Your reply should set down word for word each line below from the one with "Sverige ljuset i norr" through the final line, both included, but none of the pictures.

Top of PROVIDED ENTRIES

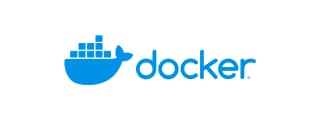 Docker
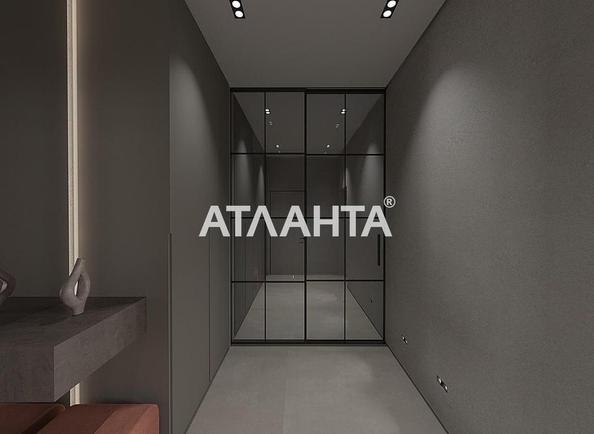 3-rooms apartment apartment by the address st. Shevchenko pr (area 145 m²) - Atlanta.ua - photo 18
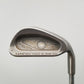 PING EYE 2 8 IRON STIFF KARSTEN ZZLITE 36.5" WHITE DOT GOOD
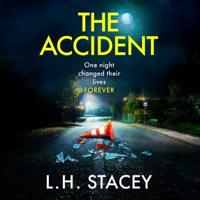 The Accident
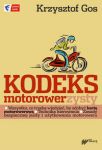 Kodeks motorowerzysty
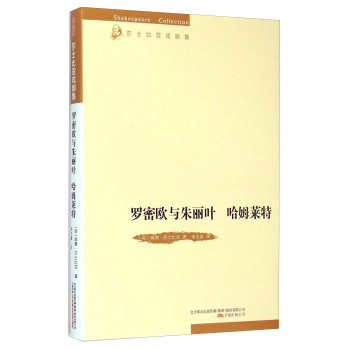 �_�ܚW�c�����~ ��ķ�R��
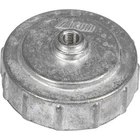 Mikuni Mixing Chamber Top With Gasket VM34/27 New. Price: $17.29.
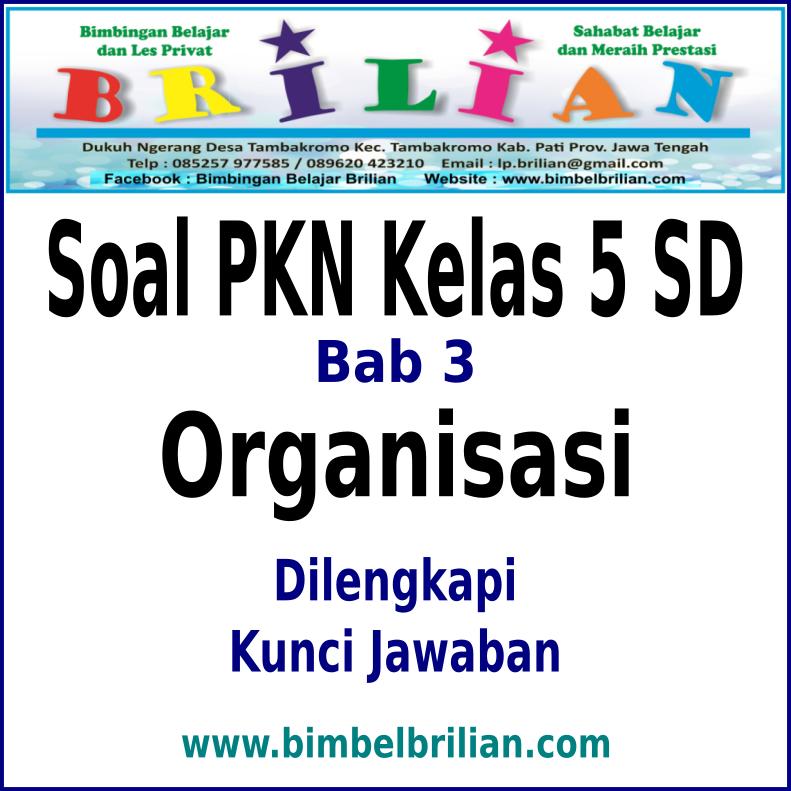 PKN+Kelas+5+SD+Bab+3.jpg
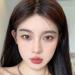 ANRUI 4PCS Matte Velvet Lipstick Set - Waterproof Long Lasting Lip Gloss | Non-Stick Cup Liquid Lipstick | Cute Bear Makeup - Buy Online on GoSupps.com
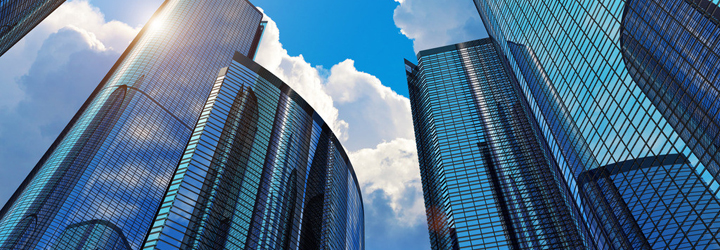 走進(jìn)佳得利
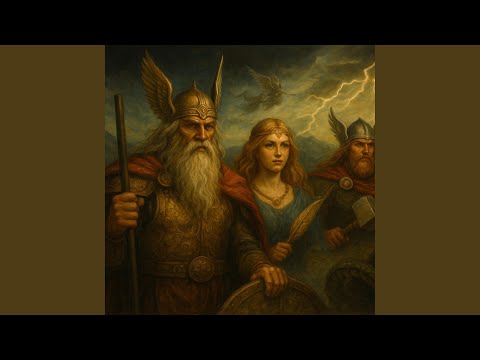 Sverige ljuset i norr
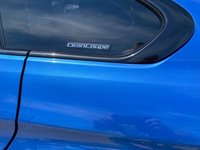 USED 2015 62 BMW 4 SERIES 3.0 435D XDRIVE M SPORT GRAN COUPE 4d 309 BHP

Bottom of PROVIDED ENTRIES

| TASK RESULT |
 Sverige ljuset i norr
 USED 2015 62 BMW 4 SERIES 3.0 435D XDRIVE M SPORT GRAN COUPE 4d 309 BHP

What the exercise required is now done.